Il F. raggiunse Avignone, di cui era stato nominato vicelegato, e fu subito coinvolto in una nuova controversia con la corte di Francia. Preso in ostaggio dai Francesi Giorgio d'Austria, arcivescovo di Valenza, come rappresaglia per l'assassinio degli inviati A. Rincon e C. Fregoso da parte degli Imperiali, il F. diede rifugio nel territorio di Avignone alla scorta spagnola dell'arcivescovo, provocando le veementi proteste di Francesco I, che giunse a revocare al F. la concessione dell'abbazia di S. Michele della Chiusa. Mentre il Dandini, per porre fine all'Incidente, chiedeva a Roma il richiamo del F. da Avignone, lo stesso F. si recò a Parigi dove l'11 genn. 1542, ricevuto dal re, riuscì a ricomporre la controversia.
Ritornato in Italia, il 23 luglio 1543 il F. fu nominato governatore di Ancona e legato della Marca, dove rimase sicuramente fino all'agosto del 1544. Nel settembre era a Bologna, come testimonia il Giovio in una lettera del 19 settembre al cardinale A. Farnese. Il 1º febbr. 1545 il F. fu nominato nuovamente nunzio e commissario della Camera apostolica presso il duca di Savoia. Confermatigli all'atto della nomina i poteri che gli erano stati concessi nella precedente nunziatura, soprattutto riguardo alla riforma delle persone esenti della diocesi di Vercelli, il F. rimase poco tempo in Piemonte.

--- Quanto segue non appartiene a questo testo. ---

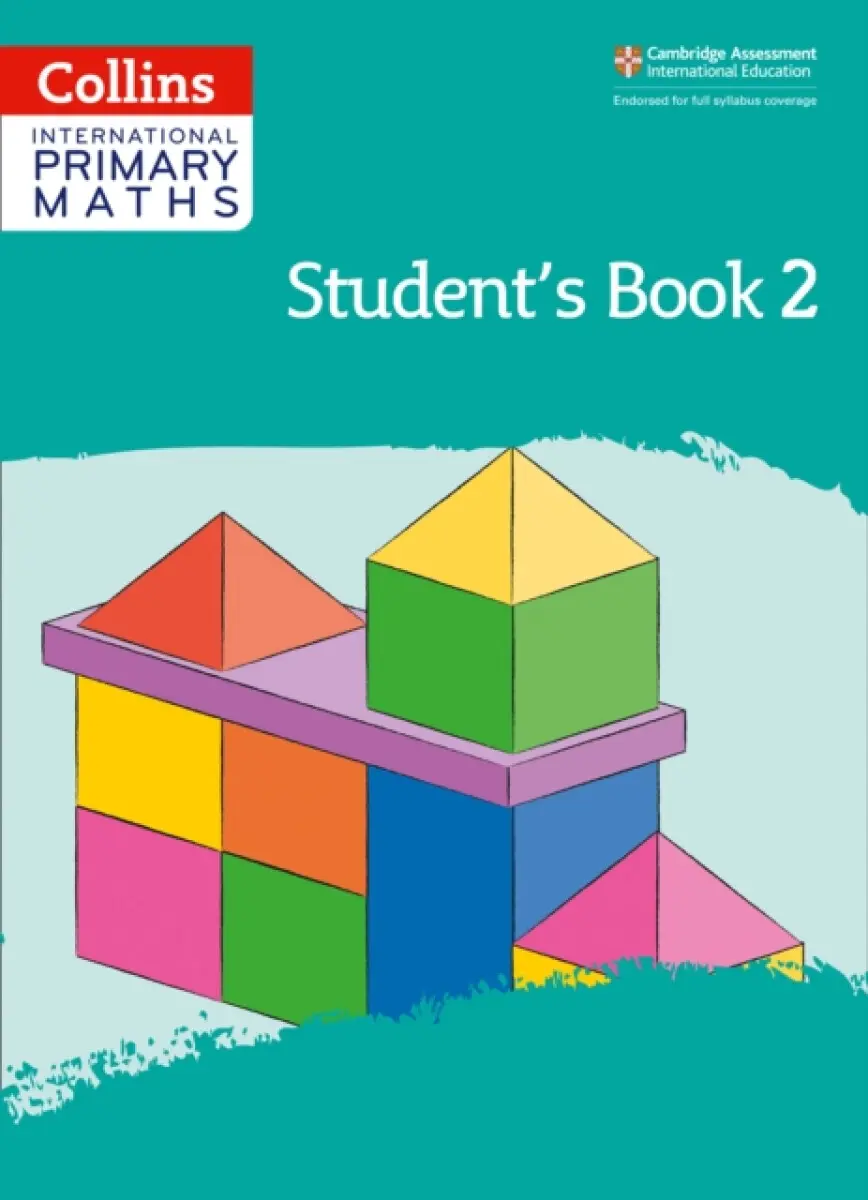 International Primary Maths Student's Book: Stage 2 - Jarmin Lisa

Con l'occasione di accompagnare il principe Emanuele Filiberto, figlio del duca di Savoia, nel primo tratto del suo viaggio in Germania, il 7 giugno 1545 si fermò a Trento per le sessioni preparatorie del concilio.
Partecipò alla sessione di apertura del concilio il 13 dic. 1545 e, poiché erano subito sorti violenti contrasti in seguito alla richiesta da parte di alcuni prelati di esclusione dei regolari, il F. fu incaricato di ottenere informazioni su tutti i convenuti. Fu coadiuvato nei tre mesi dell'incarico da T. Campeggi, vescovo di Feltre, e da G. T. Sanfelice, vescovo di Cava. Era presente anche alla II sessione, apertasi il 7 genn. 1546; in quell'occasione si schierò con i prelati italiani affinché nel concilio si discutesse non della riforma, ma solo dei dogmi contro le eresie luterane, come Paolo III aveva insistentemente richiesto a Carlo V. Non partecipò alla III sessione: trasferitosi dapprima a Padova per curare i reumatismi (7 febbraio), nel luglio 1546raggiunse Roma, lasciando procura ai vescovi di Senigallia e Bitonto, M. Vigerio e C. Mussi, affinché lo rappresentassero al concilio. Grazie all'appoggio del cardinale C. Madruzzo, che già aveva fatto pressioni in proposito, ottenne finalmente la porpora cardinalizia, con il titolo di S. Vitale, l'8 apr. 1549.
Morì a Roma nella notte tra il 13 ed il 14 ag. 1549. Fu prima sepolto nella chiesa di S. Maria della Pace ed in seguito le sue spoglie furono trasferite a Biella nella tomba di famiglia.